Gefängnis-Bibliotheken: Salafisten-Buch hat Folgen

Gefängnis-Bibliotheken: Salafisten-Buch hat Folgen
Minister entzieht Glaubensgemeinschaft die Zuständigkeit.

Der Fund eines salafistischen Werks in der Bücherei der Justizanstalt Korneuburg hat Folgen. Wie der KURIER berichtete, fand ausgerechnet ein verurteilter Salafist das extremistische Buch und meldete es seinem Betreuer. ÖVP-Justizminister Wolfgang Brandstetter zieht nach der Causa Konsequenzen – und gebraucht dafür äußerst scharfe Worte: "Für mich ist das ein Beleg, dass die Islamische Glaubensgemeinschaft(IGGÖ) ihre Kontrollfunktion nicht ausreichend wahrnimmt und in diesem Fall völlig versagt hat." Im gleichen Atemzug entzieht er der Glaubensgemeinschaft die Zuständigkeit für die Haftbibliotheken und schließt Planstellen für islamische Seelsorger in den Haftanstalten aus.
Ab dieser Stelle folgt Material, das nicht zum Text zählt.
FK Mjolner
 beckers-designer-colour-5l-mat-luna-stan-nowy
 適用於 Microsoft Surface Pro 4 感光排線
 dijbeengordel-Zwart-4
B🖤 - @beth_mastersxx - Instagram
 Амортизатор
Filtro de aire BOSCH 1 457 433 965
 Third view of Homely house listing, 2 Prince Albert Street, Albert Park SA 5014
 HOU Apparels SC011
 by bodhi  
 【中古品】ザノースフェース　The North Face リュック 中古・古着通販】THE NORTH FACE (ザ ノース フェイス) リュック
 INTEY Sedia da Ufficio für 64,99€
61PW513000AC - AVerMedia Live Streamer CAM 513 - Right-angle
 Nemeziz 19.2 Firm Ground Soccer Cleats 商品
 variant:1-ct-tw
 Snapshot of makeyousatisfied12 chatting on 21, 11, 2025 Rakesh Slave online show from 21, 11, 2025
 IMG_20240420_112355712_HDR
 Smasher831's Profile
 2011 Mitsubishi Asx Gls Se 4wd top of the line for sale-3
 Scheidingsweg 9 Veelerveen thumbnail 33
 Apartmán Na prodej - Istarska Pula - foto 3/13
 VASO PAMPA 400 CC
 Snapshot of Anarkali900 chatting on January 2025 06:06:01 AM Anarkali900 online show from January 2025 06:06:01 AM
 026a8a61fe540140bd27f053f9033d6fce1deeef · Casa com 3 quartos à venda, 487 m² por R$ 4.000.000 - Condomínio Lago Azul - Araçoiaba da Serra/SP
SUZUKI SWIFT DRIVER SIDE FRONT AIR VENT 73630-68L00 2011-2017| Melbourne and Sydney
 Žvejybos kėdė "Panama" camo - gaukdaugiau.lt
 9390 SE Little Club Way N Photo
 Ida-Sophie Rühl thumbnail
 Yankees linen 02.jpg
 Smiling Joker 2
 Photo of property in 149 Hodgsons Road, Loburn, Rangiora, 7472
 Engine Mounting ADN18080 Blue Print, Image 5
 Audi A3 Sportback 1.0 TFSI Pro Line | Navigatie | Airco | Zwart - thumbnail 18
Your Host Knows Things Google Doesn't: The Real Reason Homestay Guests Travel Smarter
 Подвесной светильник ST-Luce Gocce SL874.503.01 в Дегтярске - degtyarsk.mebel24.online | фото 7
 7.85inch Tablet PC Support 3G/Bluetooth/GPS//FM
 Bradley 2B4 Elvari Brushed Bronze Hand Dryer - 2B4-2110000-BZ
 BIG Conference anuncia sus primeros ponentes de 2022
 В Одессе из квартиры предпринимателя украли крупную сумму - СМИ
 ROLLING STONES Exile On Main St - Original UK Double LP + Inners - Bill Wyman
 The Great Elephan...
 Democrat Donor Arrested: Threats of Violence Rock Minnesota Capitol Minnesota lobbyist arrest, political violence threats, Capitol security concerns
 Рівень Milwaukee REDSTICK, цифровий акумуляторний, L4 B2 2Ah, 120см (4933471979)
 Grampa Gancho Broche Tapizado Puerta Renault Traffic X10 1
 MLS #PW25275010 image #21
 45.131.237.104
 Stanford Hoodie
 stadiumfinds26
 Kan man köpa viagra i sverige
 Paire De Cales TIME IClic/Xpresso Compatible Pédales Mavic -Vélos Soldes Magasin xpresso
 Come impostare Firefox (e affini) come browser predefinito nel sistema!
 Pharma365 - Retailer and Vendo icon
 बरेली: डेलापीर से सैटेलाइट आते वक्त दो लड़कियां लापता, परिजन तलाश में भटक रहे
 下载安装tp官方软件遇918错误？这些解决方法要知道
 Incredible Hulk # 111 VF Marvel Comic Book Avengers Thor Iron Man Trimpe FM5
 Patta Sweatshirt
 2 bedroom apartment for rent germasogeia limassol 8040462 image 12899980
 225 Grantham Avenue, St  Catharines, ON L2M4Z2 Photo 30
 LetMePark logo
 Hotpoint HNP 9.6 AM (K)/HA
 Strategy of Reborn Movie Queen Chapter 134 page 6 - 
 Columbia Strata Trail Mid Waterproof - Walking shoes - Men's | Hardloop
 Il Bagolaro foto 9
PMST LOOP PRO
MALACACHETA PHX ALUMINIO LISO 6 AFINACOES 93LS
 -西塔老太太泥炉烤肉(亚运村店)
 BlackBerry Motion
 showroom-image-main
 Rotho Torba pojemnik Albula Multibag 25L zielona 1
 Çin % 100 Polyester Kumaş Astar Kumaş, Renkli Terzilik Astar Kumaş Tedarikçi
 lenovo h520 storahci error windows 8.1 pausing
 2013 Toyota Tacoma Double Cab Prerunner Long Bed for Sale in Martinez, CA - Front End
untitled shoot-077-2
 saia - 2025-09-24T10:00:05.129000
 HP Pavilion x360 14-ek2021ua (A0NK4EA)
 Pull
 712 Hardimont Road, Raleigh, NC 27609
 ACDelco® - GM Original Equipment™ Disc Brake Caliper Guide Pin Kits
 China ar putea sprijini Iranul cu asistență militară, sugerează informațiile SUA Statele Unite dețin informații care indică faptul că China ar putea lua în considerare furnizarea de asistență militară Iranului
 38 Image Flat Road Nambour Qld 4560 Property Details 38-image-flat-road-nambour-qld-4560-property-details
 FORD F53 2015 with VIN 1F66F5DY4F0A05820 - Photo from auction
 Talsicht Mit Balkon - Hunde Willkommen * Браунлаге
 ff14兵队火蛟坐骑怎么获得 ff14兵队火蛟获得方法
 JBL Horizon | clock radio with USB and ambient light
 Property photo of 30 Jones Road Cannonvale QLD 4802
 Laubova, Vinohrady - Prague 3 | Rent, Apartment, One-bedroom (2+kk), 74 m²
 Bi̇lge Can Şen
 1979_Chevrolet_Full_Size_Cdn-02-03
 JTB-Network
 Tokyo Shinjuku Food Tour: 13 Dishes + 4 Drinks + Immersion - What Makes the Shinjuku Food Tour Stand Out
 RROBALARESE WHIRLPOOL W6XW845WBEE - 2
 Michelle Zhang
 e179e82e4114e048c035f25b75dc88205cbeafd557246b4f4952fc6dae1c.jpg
Ramazan Demir, oberster islamischer Gefängnisseelsorger, ist über diese Aussage entsetzt. "Nur weil ein Seelsorger einen einzigen Fehler gemacht hat, will man die gesamte islamische Seelsorge infrage stellen?"

Kyrillisch

Er war am Donnerstag selbst in der betroffenen Justizanstalt und weiß nun auch, warum dieses Buch einen Kontrollstempel erhalten hat: "Dieses Buch war in kyrillischer Schrift geschrieben. Es war für den türkischen Seelsorger nicht erkennbar, dass es von Abu A-la Maududi (Salafist, Anm.) stammt. Er war der Meinung, dass es sich um eine tschetschenische Koran-Übersetzung handelt."

Bei seinem Besuch in Korneuburg habe Demir sämtliche islamische Bücher kontrolliert. "Es war nichts Bedenkliches mehr zu finden. Veraltete Koran-Übersetzungen habe ich aussortiert. Jetzt stehen nur mehr Bücher dort, die wir auch künftig behalten wollen."

Laut Brandstetter soll allerdings die Organisation Derad die Bibliotheken-Kontrolle übertragen bekommen. Sie soll auch den gesamten Bücherbestand einer intensiven Prüfung unterziehen. "Wir werden uns künftig ausschließlich an der Meinung externer Experten orientieren müssen."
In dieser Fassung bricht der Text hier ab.